E’ una parola offensiva, squalificante? Offende la dignità delle persone? Discriminatoria, dunque costituisce un reato poiché diffonde odio? In realtà, in sé e per sé, non dovrebbe essere così. Se fosse un reato adoperare questa parola sarebbe la legge a essere fuorilegge. In Italia esiste infatti il reato di “immigrazione clandestina”. In questo momento ci sono responsabili di Ong indagati per “favoreggiamento dell’immigrazione clandestina”. Dunque a rigore di grammatica e di logica, esistono anche i clandestini. Come, esistendo il reato di furto, esistono i ladri e i derubati, senza che nessuno possa mai essere ridotto a un aggettivo: neppure un omicida.  



Ancora, dire “clandestino” è infamante come in America usare “nigger” per definire gli afro-americani? Ho usato troppi punti interrogativi, e di solito gli articoli servono a dare risposte, non a porre domande. Il problema è che mi vengono risposte diverse.
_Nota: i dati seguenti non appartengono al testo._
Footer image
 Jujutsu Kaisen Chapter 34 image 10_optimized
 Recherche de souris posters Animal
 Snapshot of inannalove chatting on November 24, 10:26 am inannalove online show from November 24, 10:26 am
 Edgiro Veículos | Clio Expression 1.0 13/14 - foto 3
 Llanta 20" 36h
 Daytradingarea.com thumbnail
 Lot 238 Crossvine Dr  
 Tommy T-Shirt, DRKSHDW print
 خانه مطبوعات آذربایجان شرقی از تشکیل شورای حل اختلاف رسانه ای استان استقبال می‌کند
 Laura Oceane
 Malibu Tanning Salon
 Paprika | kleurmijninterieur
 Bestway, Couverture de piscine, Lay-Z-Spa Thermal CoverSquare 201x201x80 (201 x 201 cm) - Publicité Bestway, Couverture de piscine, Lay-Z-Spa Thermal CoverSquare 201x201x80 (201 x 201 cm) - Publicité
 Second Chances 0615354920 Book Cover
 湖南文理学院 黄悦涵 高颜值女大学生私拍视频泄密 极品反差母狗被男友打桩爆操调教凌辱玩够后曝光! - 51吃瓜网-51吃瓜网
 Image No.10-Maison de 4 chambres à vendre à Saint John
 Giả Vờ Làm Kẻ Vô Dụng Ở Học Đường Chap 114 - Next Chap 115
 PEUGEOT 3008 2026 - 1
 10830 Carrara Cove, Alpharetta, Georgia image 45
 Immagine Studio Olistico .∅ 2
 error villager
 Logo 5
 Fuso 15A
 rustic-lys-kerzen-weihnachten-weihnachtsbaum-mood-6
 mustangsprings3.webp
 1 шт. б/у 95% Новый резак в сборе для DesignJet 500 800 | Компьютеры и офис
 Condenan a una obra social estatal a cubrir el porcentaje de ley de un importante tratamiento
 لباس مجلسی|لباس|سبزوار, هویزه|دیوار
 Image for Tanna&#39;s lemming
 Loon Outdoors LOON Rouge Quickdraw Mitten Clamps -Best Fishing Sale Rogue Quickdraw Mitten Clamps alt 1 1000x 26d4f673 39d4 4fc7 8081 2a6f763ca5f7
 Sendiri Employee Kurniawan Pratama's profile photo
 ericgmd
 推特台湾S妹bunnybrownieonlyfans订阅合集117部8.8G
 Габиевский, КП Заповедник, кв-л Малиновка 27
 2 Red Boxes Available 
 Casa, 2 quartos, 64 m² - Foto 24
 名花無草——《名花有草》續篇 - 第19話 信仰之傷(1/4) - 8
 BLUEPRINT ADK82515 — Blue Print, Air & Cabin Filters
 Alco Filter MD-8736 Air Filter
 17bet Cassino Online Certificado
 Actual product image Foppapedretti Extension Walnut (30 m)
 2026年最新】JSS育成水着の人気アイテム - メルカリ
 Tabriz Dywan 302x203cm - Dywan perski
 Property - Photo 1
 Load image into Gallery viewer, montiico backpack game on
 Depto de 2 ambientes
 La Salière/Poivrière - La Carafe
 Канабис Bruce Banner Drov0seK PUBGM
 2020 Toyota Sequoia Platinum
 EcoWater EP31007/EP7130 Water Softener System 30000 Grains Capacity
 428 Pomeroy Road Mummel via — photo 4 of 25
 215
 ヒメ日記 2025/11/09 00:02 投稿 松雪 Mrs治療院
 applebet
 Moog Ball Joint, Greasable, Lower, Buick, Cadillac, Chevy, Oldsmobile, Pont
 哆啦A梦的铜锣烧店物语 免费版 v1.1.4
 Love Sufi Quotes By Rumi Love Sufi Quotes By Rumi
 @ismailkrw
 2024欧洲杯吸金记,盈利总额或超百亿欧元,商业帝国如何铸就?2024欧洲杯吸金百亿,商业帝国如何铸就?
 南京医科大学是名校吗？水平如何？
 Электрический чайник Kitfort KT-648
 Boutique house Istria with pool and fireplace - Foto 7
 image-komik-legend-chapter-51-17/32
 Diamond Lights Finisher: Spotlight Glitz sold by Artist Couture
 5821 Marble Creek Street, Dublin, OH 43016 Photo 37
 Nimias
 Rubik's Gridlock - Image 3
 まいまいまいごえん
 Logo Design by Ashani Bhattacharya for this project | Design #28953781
In una serena discussione telefonica con l’autorevole responsabile di un giornale di proprietà episcopale ho usato questa espressione “clandestino” e sono stato redarguito: si deve dire irregolare, mi ha detto. L’ho pregato di non scivolare in un nominalismo sterile. Clandestino è una condizione oggettiva, uno status, non l’essenza di una persona. E’ chi attraversa i confini senza rispettare le leggi di quel Paese e vi permane. Irregolare è chi magari ha un visto turistico, ma lo fa scadere e non si fa presente all’autorità. Dare questa definizione giuridica significa offendere o dare un nome alle cose?



L’ideale è chiamare le persone per nome. Anche coloro che sono salvati per mare (e si deve salvarli e accoglierli) qualora non abbiano margine per ottenere asilo politico od umanitario, in quanto in fuga da persecuzioni, guerre o carestie conclamate, sono destinati al rimpatrio. Come li chiamiamo: i rimpatriabili?  

Ora trascrivo il testo completo (e incriminato in particolare dall’ex sindaca di Lampedusa, Giusi Nicolini) di questo sussidiario, edizione “Il capitello”:

“(In Italia), è aumentata la presenza di stranieri provenienti soprattutto dai paesi asiatici e dal Nordafrica. Molti vengono accolti nei centri di assistenza per i profughi e sono clandestini, cioè la loro permanenza in Italia non è autorizzata dalla legge. Nelle nostre città gli immigrati vivono spesso in condizioni precarie: non trovano un lavoro, seppure umile e pesante, né case dignitose. Perciò la loro integrazione è difficile: per motivi economici e sociali, i residenti talvolta li considerano una minaccia per il proprio benessere e manifestano intolleranza nei loro confronti”.



La frase è in effetti ambigua, confonde i termini: profughi e clandestini. Dunque è sbagliata. Andrebbe riscritta. Ma da qui a suscitare un caso nazionale ci vuole una certa esagerata predisposizione allo scandalo. In realtà la seconda frase, imprecisa, potrebbe funzionare se scritta così: “Molti (stranieri) vengono accolti nei centri di prima accoglienza in attesa che si riconosca il loro diritto a restare in Italia come profughi, oppure glielo si neghi per rimpatriarli quali migranti irregolari o clandestini”. 

Sono certo che molti avrebbero comunque da ridire. L’unica cosa che mi sentirei di introdurre da qualche parte, nel testo ma soprattutto nell’animo dei bambini, è che siamo tutti fratelli, ma in Italia non c’è posto per tutti i cinquecento milioni di africani e l’identico numero di asiatici che se potessero attraverserebbero il Mediterraneo chiedendo accoglienza.